Le sort a voulu que notre génération hérite d’une tâche aussi délicate. Et parmi nos congénères, le destin a cru bon de poser son doigt sur nos épaules. Il est donc impératif de ne pas décevoir. En tout, il nous faut tout tenter. Conclusion logique : soit on le fait, soit on ne le fait pas. L’adage dit qu’ « un demi pain, ça reste du pain. A l’inverse, une demie-vérité, ce n’est plus la vérité ». Nous devons donc y aller vraiment. Sans faux calcul. Sans faux départ. Deux écueils sont en travers du chemin. Une manipulation des lois modernes, ce que mon chef camerounais appelle la justice du blanc. Ou alors une manipulation de nos us et coutumes. Explications !

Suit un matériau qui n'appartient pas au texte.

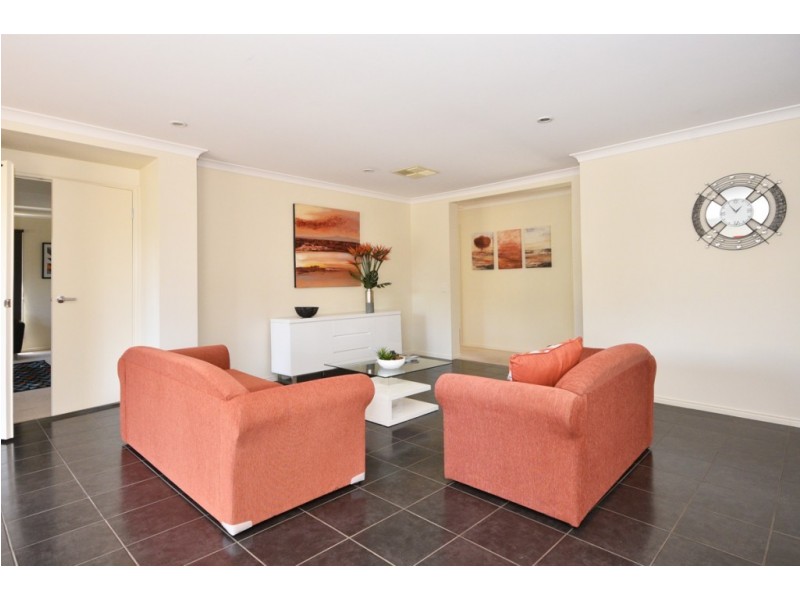 12 Wattle Court, Epsom VIC 3551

On peut se laisser aller à la facilité ou à la commodité et imaginer une loi d’amnistie générale. On se réunit donc dans un cénacle à Ouagadougou et on concocte une loi qui dit qu’on pardonne à tous. Avec interdiction pour les uns et les autres de reparler de ce qui a pu nous opposer. Et corollairement interdiction pour les victimes de tenter toute action en justice. Cela peut sembler habile. Mais, hélas, c’est con ! Une sublime connerie. Parce que, ce genre d’entourloupe ouvre la voie aux aventuristes de tous ordres. Aller en justice est un droit du citoyen. Si on vote une loi qui m’enlève ce droit, restera toujours la tentation de se faire justice soi-même. Essayez de comprendre ! Un filou m’a spolié de mon champ et a édifié sa résidence dessus. Or, un cultivateur sans terre est un homme mort. Si on vote une loi qui dit que mon voleur et moi nous sommes désormais purs à égalité, et que lui peut continuer à jouir de son bien mal acquis, et que moi je dois accepter de mourir dans mon coin, je n’accepterai pas de mourir seul. Un adage dit que « Le cœur n’est pas un os ». Traduction : on n’est pas courageux tous les jours.

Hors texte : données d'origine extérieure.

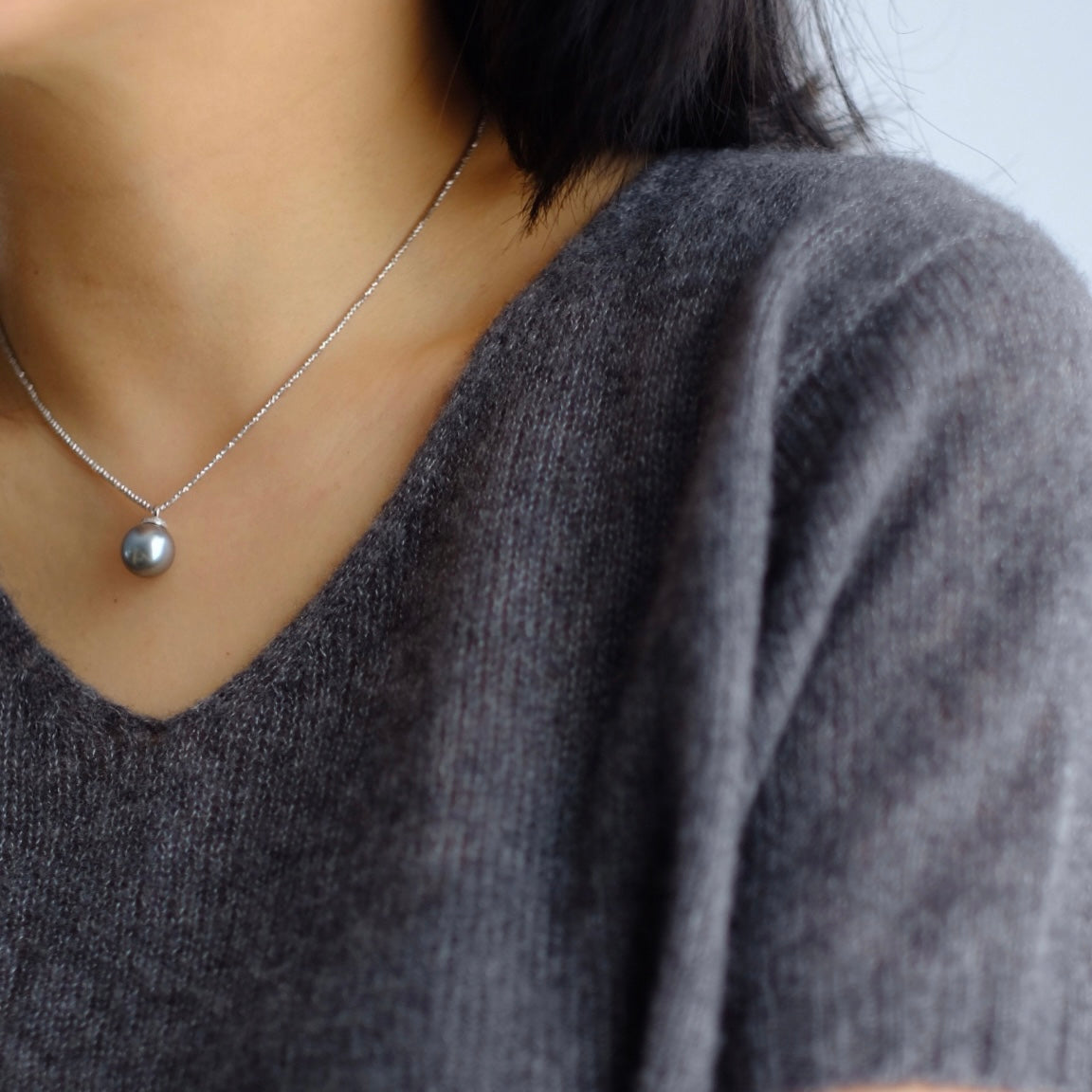 Tahitian Pearl 18K Diamond Pendant, 12mm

Deuxième écueil, manipuler nos traditions. Que mesdames me pardonnent, mais je dois dire certaines choses. Tous les maris connaissent ou ont connu ce genre de situations. Quand madame annonce : « Tu as du courrier ! », l’oreille qui écoute est certaine qu’il s’agit d’une facture à honorer. Quand madame annonce : « Nous avons du courrier ! », l’expérience dit qu’il s’agit d’un chèque à encaisser. Il y a également des hommes rompus à cet exercice. Quand on vous appelle « Kôrô » (grand-frère), ce n’est pas toujours du respect, mais cela annonce aussi qu’on se prépare à attenter à votre portefeuille. En politique, c’est fait de manière plus insidieuse. Plus rampante, si vous voulez. On s’en va trouver le chef coutumier et on lui explique qu’il y a des gens qui veulent gâter le pays. Il faut donc qu’ils se lèvent. Et qu’ils disent aux uns et autres de faire pardon pour laisser le pays tranquille. Quel que soit son rang, si vous présentez les choses de cette façon à un ancien, il aura toujours le réflexe de crier : « calmos, le enfants ! ». Sauf que vous ne lui avez pas dit toute la vérité.

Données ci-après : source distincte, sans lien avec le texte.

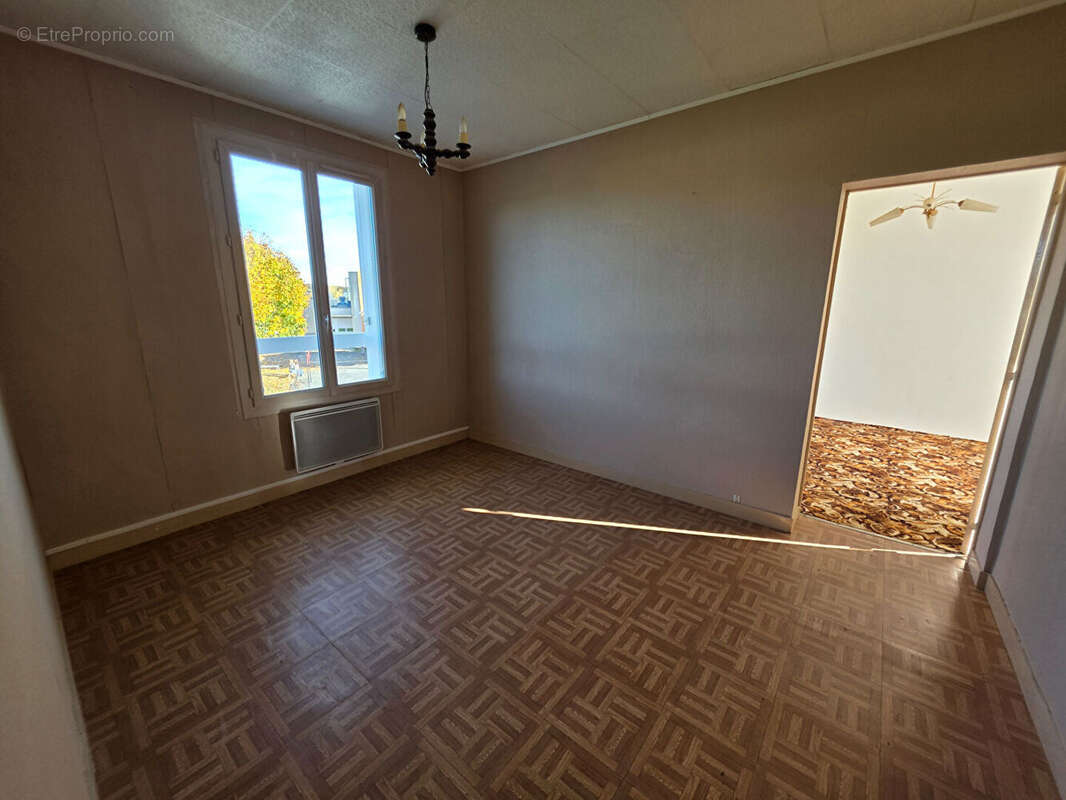 Maison à TOURNON-SAINT-MARTIN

Comment je sais ces choses ? Comment puis-je en parler avec autant d’assurance ? C’est bien simple, je l’ai personnellement vécu. Lors de l’affaire Norbert Zongo, à Paris, il y avait aussi le Collectif de France Affaire Norbert Zongo, en abrégé COFANZO. Germaine Pitroipa, Didier Ouédraogo, Sirima Ardiouma, Adama Coulibaly et bien d’autres peuvent en parler mieux que je ne le puis. Toujours est-il qu’au fil des débats, je me suis aperçu que les anciens de la communauté n’avaient pas la bonne information. C’est alors qu’en réunion publique, j’ai demandé à parler en mooré. Et j’ai expliqué en ces termes : « ib kou néda, nkou nyoanga ! ». Traduction : on a tué quelqu’un, on l’a tué et brûlé. Réponse des anciens : « Haaan ya wooto laa ». Ah bon, c’est comme ça ? Voilà comment j’ai compris qu’on pouvait annexer faussement la bienveillance de nos anciens de façon dévoyée. Je répète, on peut réunir des bonnets rouges, organiser quelque chose de cultuel et de culturel, et faire « poussm M’noore ». C’est-à-dire qu’on prend de l’eau dans sa bouche, pour recracher la rancœur collective et dire que désormais, tout va bien. Mais, ça ne réglera rien. Il nous faut regarder la vérité en face.

Siidzaabda mè. Tien bee digui mogora. Tchiga Koukoua, Somboré afoboussi, Goonga nomoussi : la vérité fait mal. Mais, c’est la vérité. Et elle est cruelle.